▸ To do
What you return should be only the lines in the entries below between the one holding "farmhouse with covered porch and a chimney" and the one holding "gymshark-strike-shorts-rust-red-aw23", ends included, with every picture left out.

▸ Extracted records
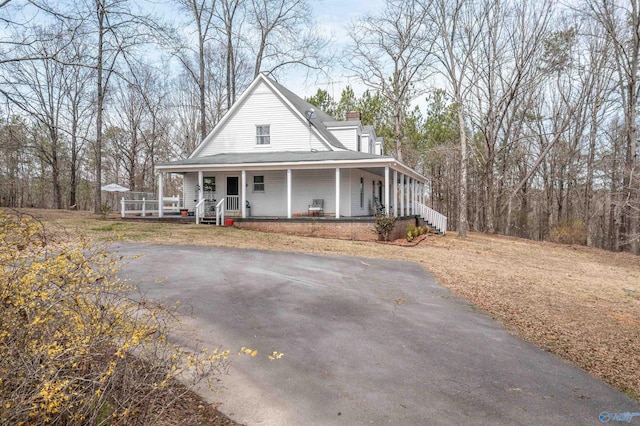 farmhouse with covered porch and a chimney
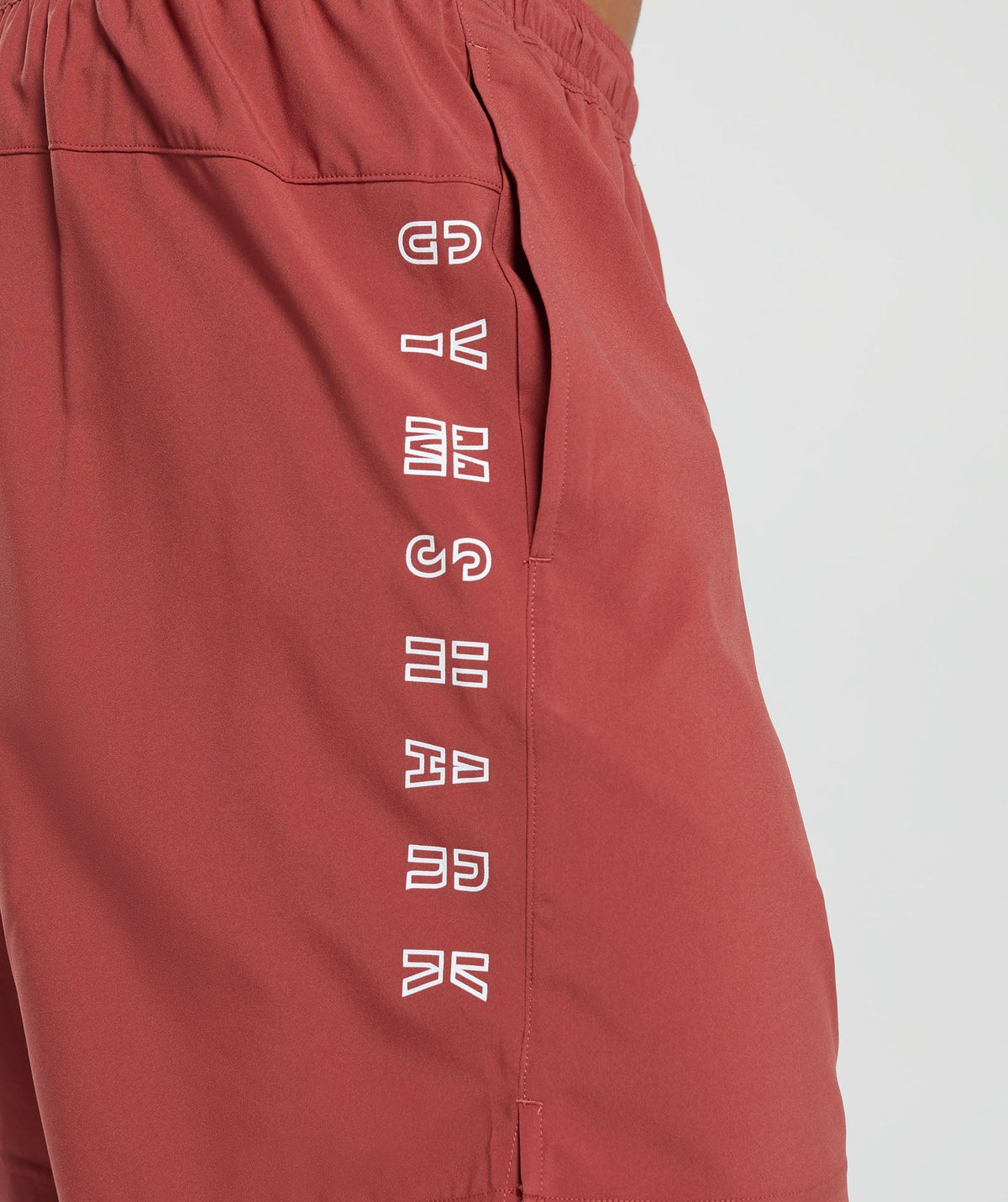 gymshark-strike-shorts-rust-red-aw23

...

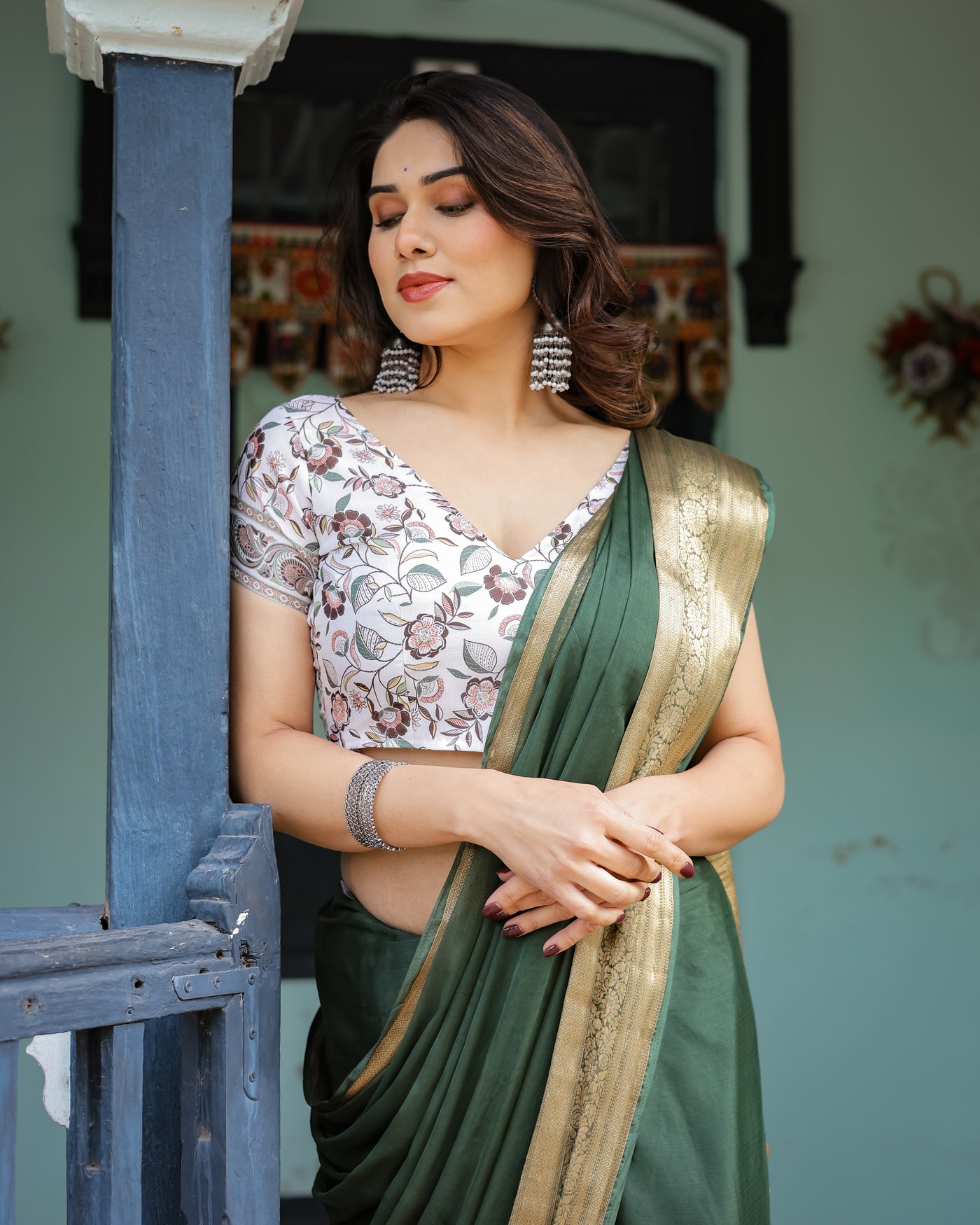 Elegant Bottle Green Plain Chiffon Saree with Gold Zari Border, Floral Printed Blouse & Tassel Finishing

--

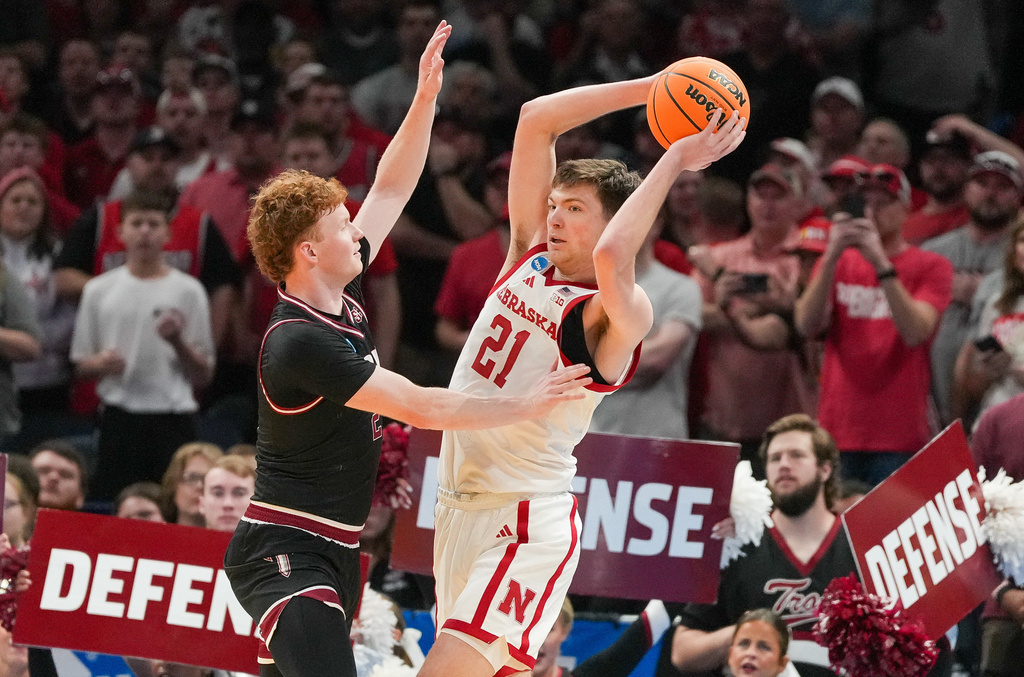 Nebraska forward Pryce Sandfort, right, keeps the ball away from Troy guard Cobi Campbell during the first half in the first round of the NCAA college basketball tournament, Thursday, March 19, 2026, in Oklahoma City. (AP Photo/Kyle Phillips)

▸ Expected answer
 farmhouse with covered porch and a chimney
 gymshark-strike-shorts-rust-red-aw23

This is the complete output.